Fonte: Lorenzo Merlo

Piccola ipotesi indirettamente proporzionale all’eventualità.

Atto 0 – Premessa

L’emozione statunitense detta Destino manifesto impone ai suoi coinvolti una psicologia da crociata. L’intento di diffondere nel mondo il proprio modello socio-economico considerato il migliore in assoluto per l’individuo, per la società e per l’economia, può essere riconosciuto come matrice della politica interna ed estera prima e della geopolitica poi. Un intento fondamentalisticamente puritano all’origine che, nel tempo, è evoluto in volontà di egemonia, perdendo con la muta lo spirito morale per acquisire quello cinico.

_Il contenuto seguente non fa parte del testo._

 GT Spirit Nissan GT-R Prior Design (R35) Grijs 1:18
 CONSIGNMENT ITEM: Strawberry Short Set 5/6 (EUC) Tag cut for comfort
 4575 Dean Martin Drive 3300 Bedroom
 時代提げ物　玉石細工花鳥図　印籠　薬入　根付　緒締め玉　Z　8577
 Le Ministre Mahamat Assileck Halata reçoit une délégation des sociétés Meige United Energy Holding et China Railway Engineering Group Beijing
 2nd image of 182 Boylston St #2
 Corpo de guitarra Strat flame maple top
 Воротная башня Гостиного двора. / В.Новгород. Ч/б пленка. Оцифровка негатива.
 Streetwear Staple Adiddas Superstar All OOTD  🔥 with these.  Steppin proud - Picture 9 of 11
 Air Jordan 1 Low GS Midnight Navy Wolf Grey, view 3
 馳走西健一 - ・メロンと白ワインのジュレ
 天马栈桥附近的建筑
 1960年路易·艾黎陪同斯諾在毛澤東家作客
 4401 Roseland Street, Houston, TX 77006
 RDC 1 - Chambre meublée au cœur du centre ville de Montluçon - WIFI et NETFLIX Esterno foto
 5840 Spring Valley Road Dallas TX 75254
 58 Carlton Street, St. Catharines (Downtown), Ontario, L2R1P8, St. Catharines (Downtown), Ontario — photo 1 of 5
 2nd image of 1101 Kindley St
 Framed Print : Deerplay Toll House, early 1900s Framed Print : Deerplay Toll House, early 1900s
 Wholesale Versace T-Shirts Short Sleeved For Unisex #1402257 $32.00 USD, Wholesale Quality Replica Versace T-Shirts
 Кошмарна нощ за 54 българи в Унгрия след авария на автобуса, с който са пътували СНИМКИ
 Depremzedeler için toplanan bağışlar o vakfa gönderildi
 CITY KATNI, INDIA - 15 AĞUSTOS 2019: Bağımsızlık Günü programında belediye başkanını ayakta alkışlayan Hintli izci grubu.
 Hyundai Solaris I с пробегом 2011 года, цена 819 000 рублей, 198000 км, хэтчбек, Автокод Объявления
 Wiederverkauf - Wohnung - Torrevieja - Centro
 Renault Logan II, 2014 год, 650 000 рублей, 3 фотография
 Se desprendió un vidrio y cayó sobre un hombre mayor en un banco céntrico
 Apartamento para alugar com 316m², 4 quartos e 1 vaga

In sostanza, God bless America, in voga ancora oggi, non è che una patina adatta a nascondere le pretese di potentati plutocratici finanziari, tecnologici, industriali, sempre taciuti e per molti occulti, con i quali, chi più, chi meno, i presidenti degli Stati Uniti devono fare i conti per restare in sella. Non rispettarne il potere è mancare al primo comandamento della religione egemonica, uno sgarbo grave che può costare loro la vita.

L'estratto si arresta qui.